## Description of the task
Retype, word for word, every line starting at the line with "Dime ゲームTシャツ 青黒" and ending with the final line of the entries; skip the pictures.

[Web page caption snippets]
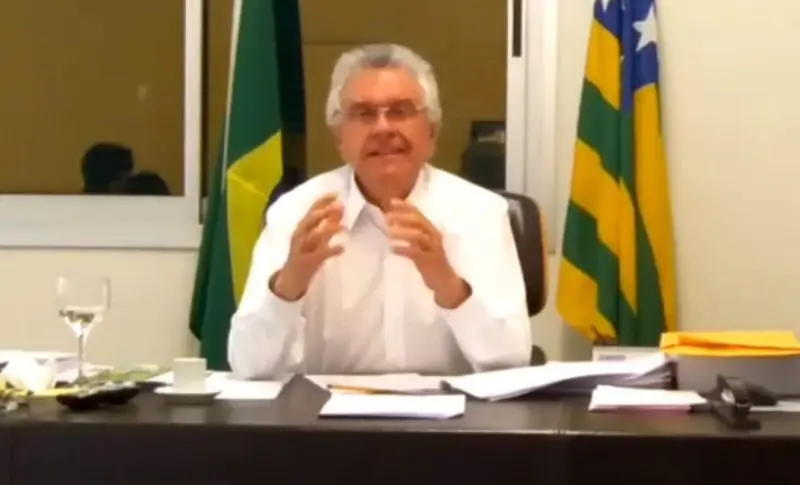 Governador propõe acatar estudo da UFG e fechar o comércio pelos próximos 14 dias em reunião com autoridades na manhã desta segunda-feira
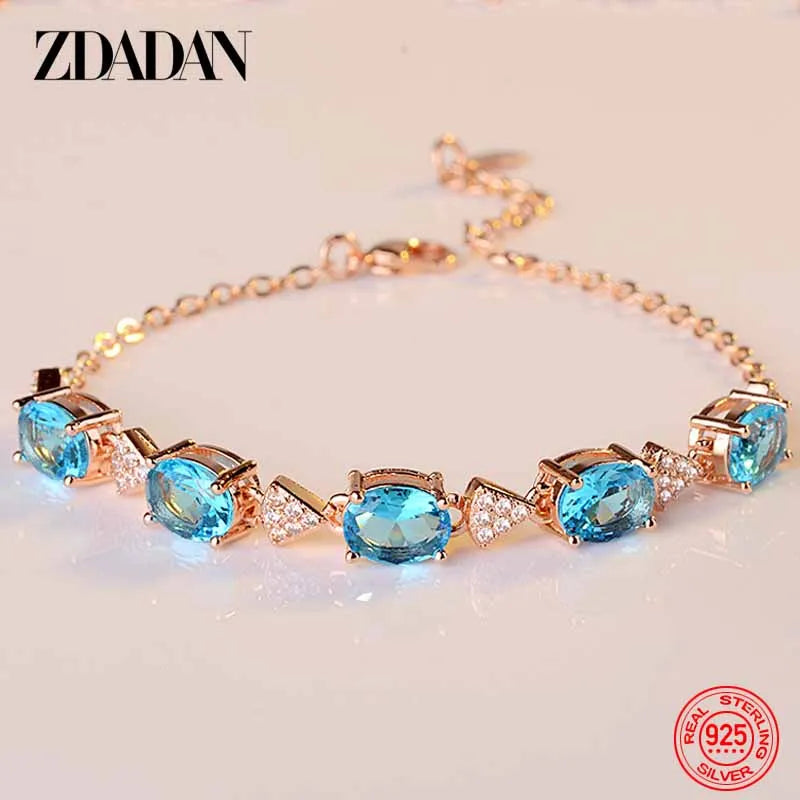 Blue Stone Sterling Silver Bracelet – product image 6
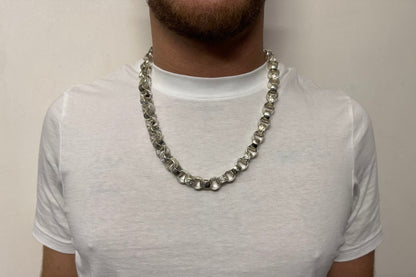 Silver Belcher Chain - 13mm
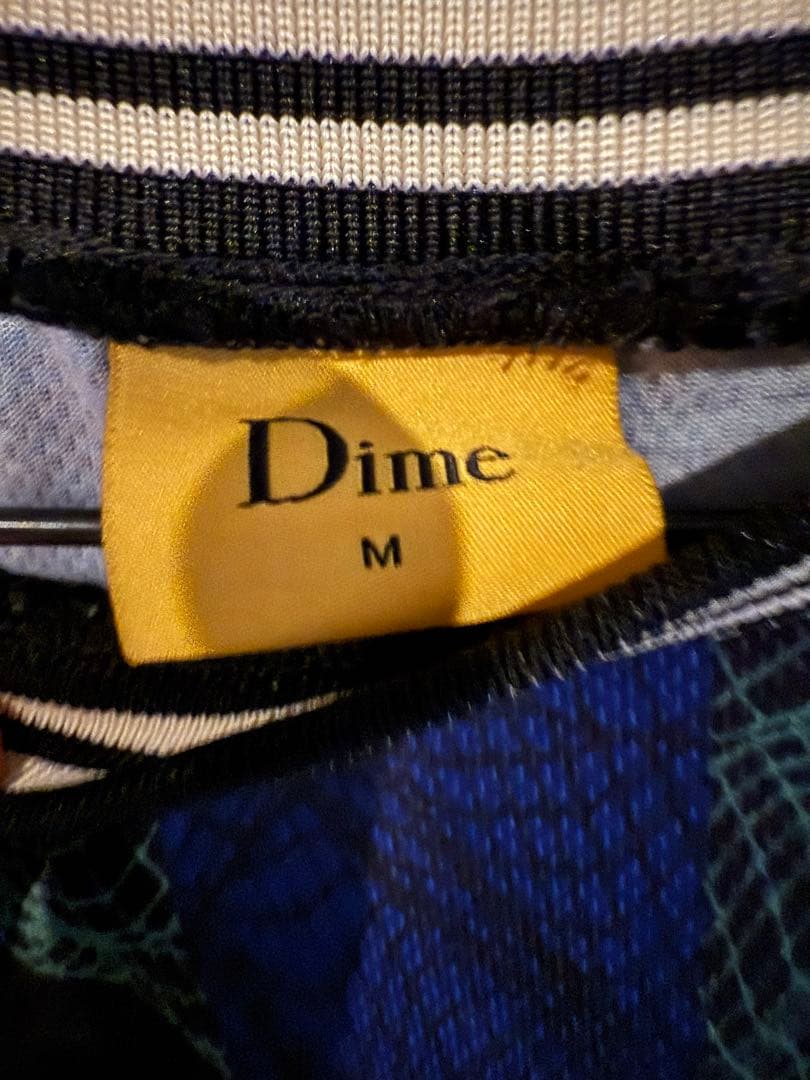 Dime ゲームTシャツ 青黒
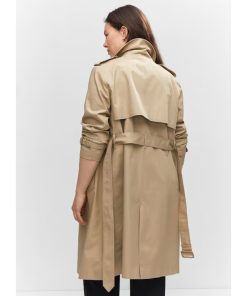 Women's Classic trench coat with belt
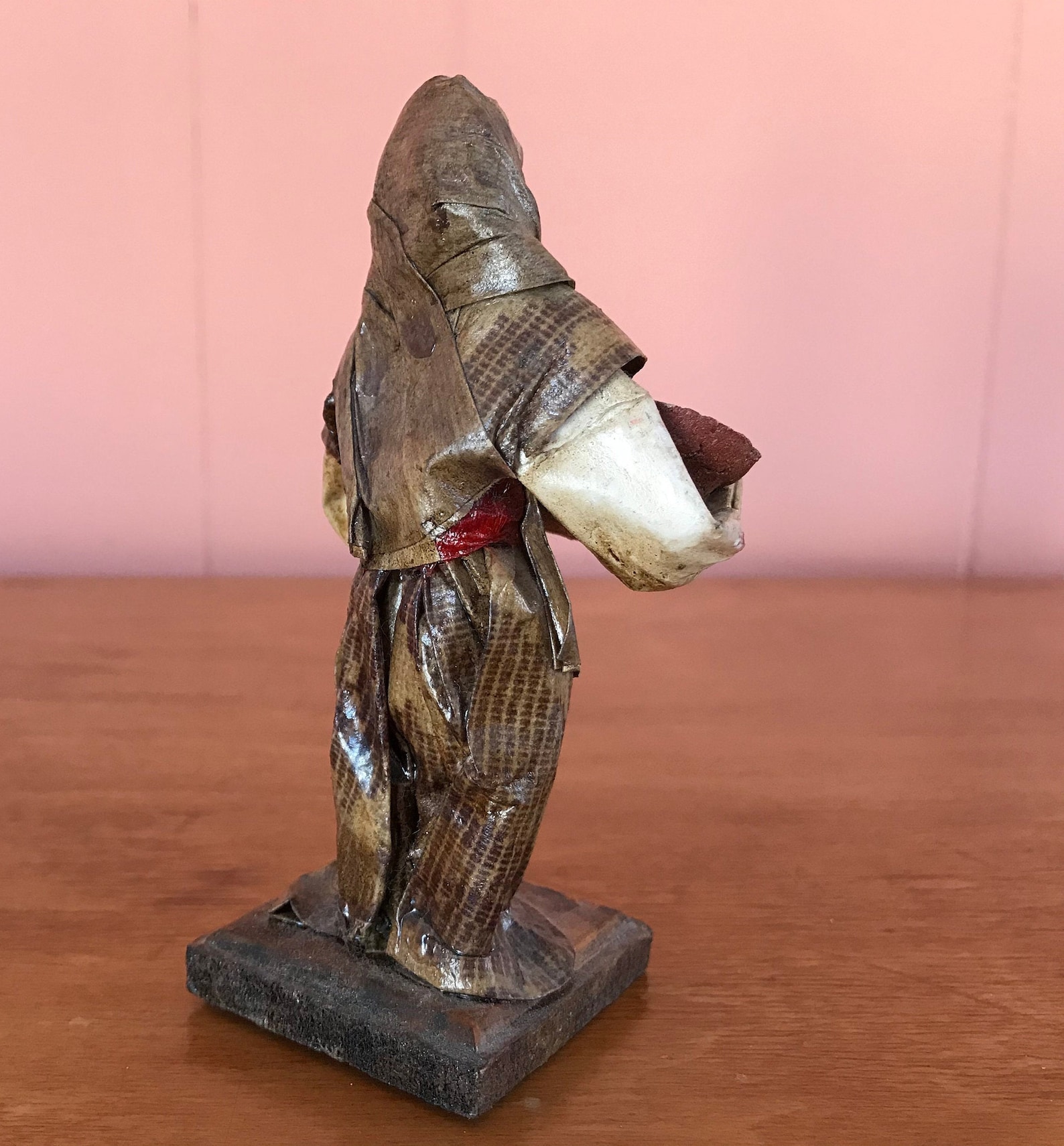 Folk Art Paper Mache Figurine in Very Fine Detail Hand Made Etsy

## Solution to the problem
 Dime ゲームTシャツ 青黒
 Women's Classic trench coat with belt
 Folk Art Paper Mache Figurine in Very Fine Detail Hand Made Etsy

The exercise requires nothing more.